INSTRUCTIONS FOR THE TASK: Could you copy exactly the lines below from the one with "Building Photo - Charming" to the one with "Jual berbagai Merk", inclusive, leaving out any pictures?

EXERCISE INPUT:
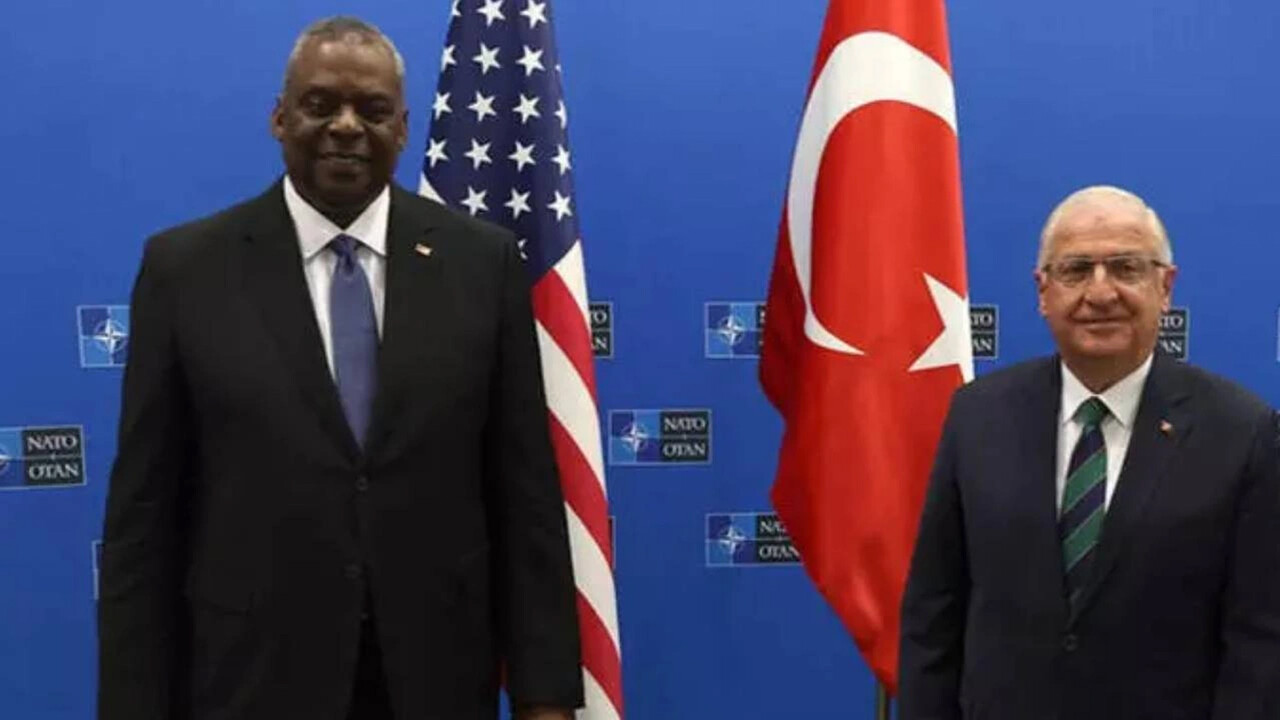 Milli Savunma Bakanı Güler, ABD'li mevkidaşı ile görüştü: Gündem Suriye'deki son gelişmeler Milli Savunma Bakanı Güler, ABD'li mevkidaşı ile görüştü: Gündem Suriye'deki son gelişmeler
--
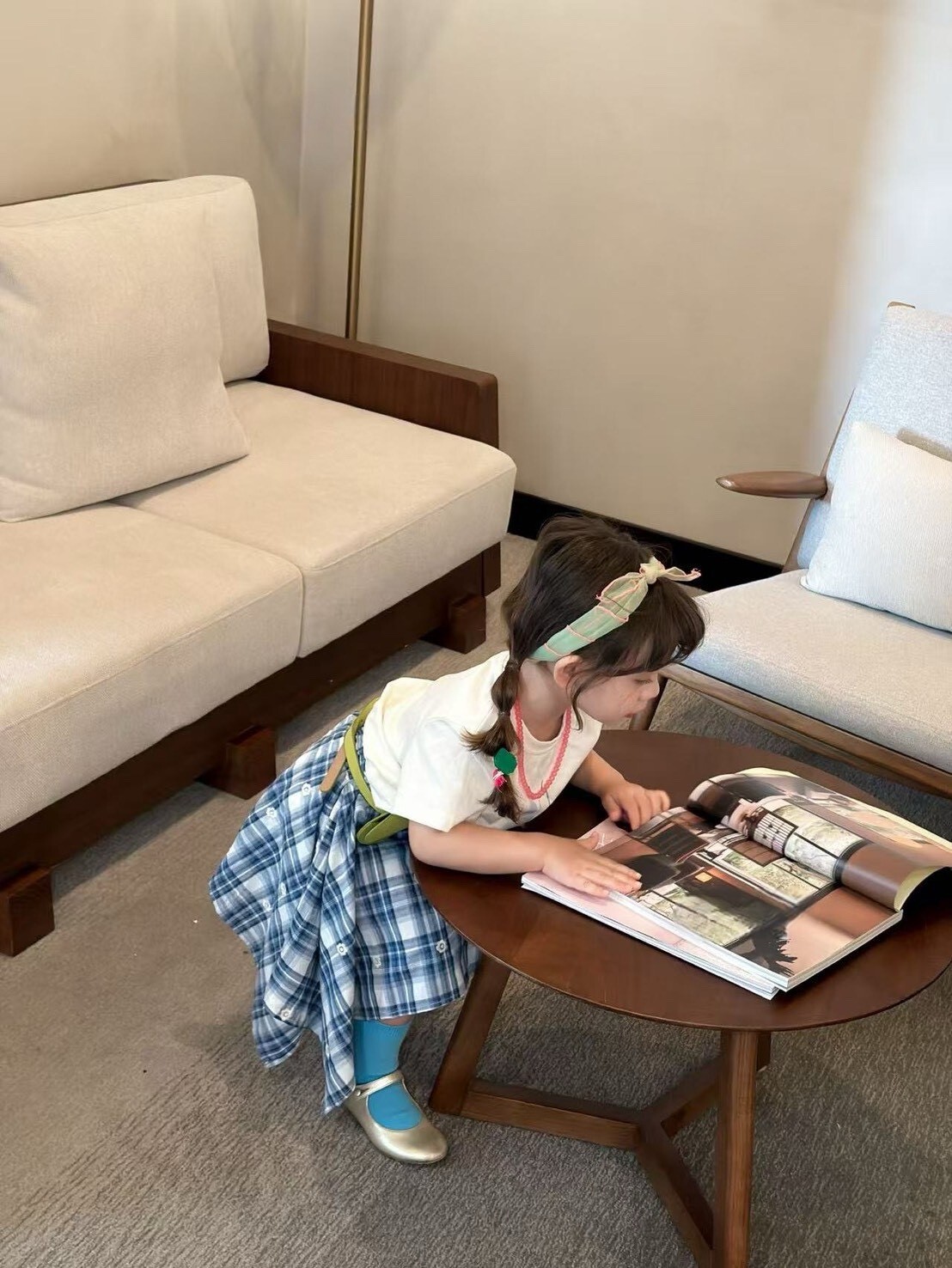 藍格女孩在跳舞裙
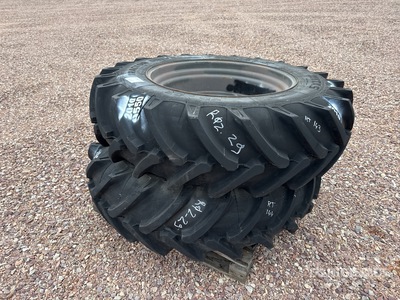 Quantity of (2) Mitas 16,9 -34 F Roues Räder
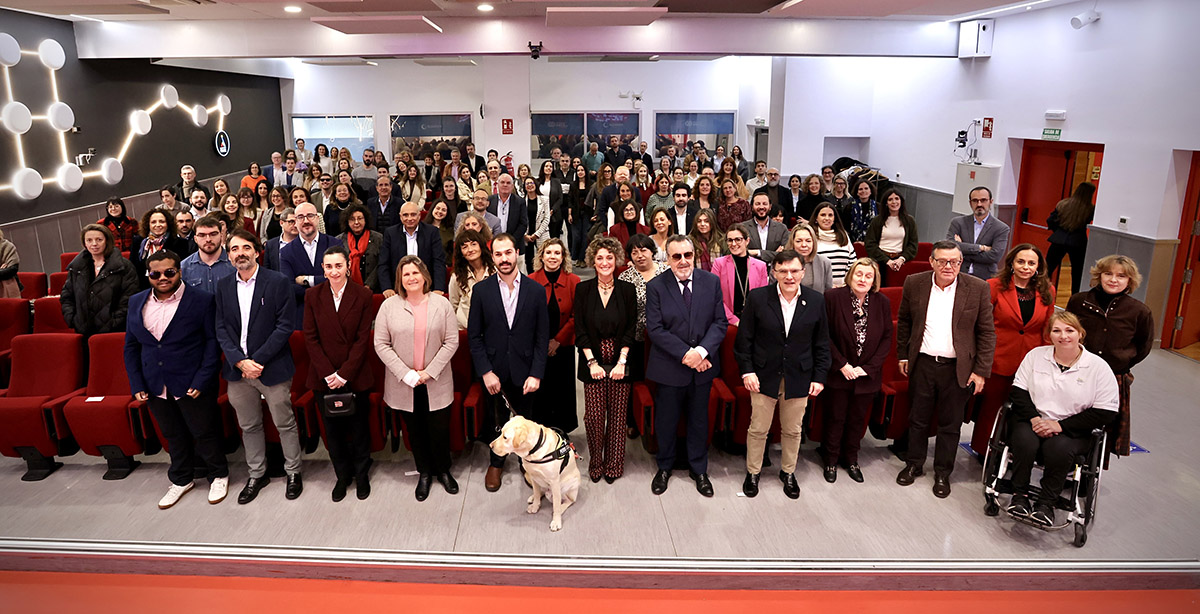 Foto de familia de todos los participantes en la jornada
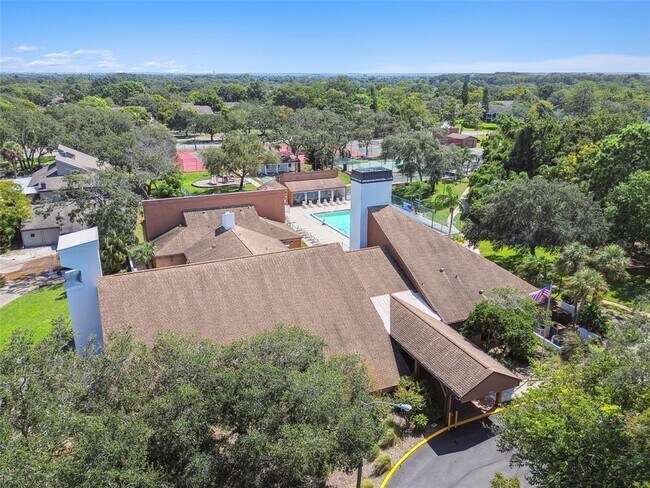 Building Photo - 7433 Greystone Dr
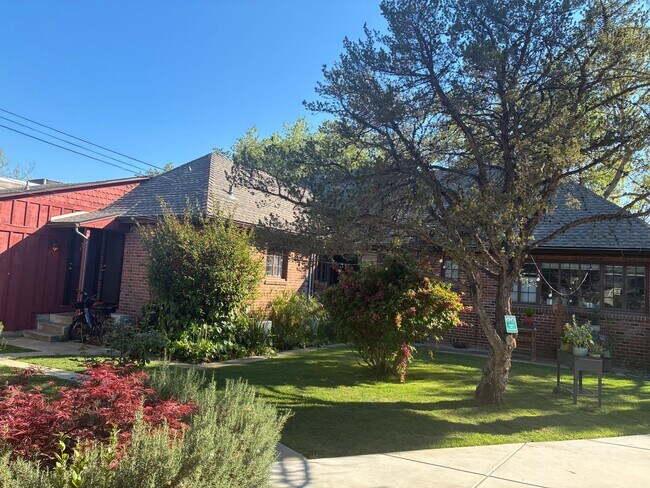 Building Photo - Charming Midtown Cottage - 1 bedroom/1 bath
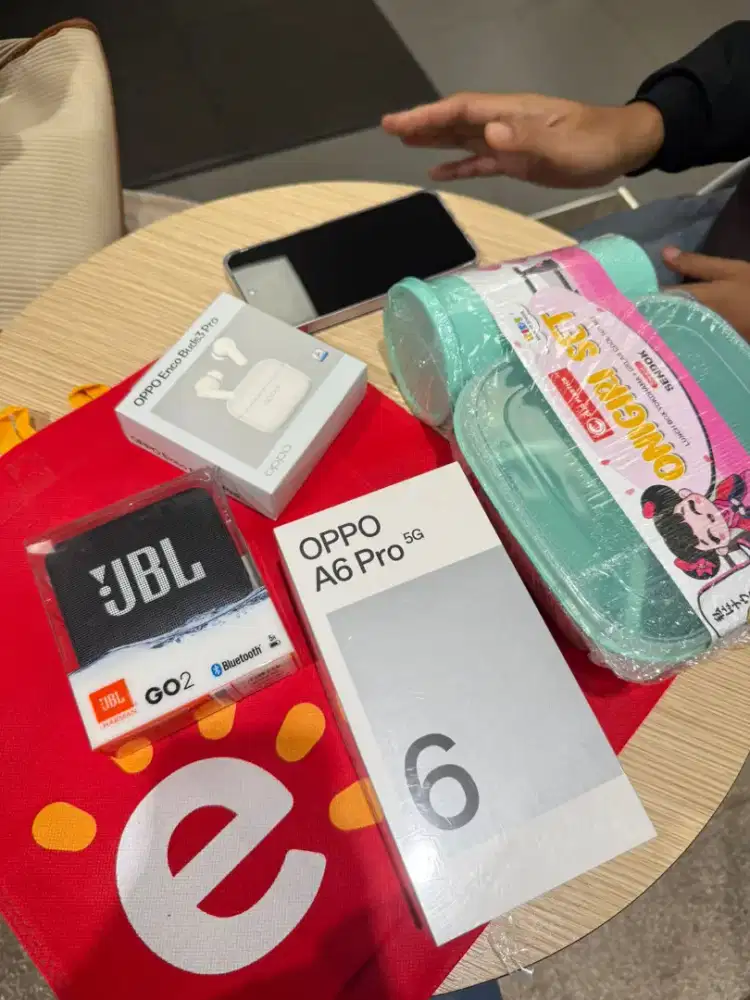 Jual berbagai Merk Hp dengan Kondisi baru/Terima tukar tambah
...
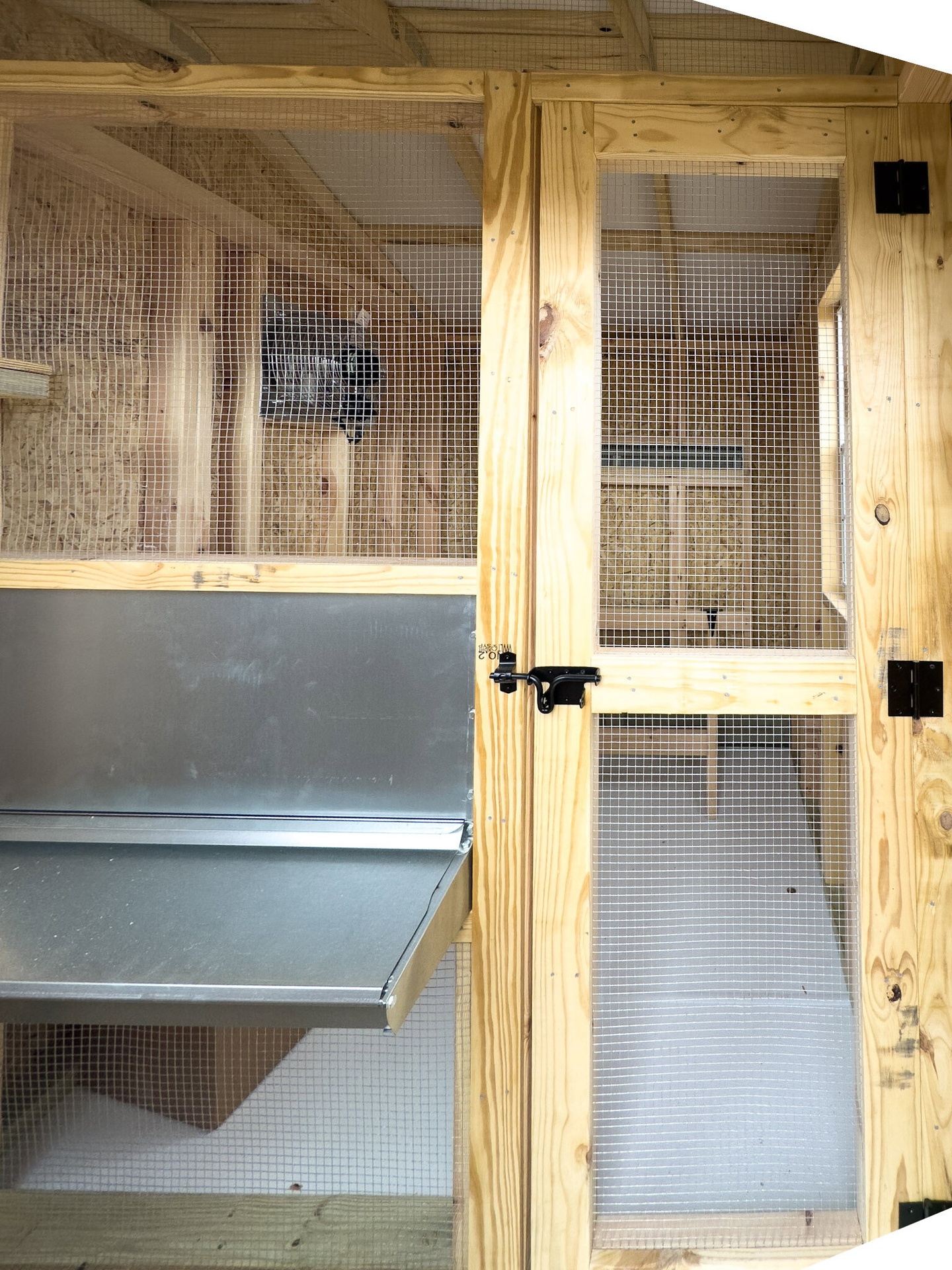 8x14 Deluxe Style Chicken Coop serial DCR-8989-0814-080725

FINAL ANSWER:
 Building Photo - Charming Midtown Cottage - 1 bedroom/1 bath
 Jual berbagai Merk Hp dengan Kondisi baru/Terima tukar tambah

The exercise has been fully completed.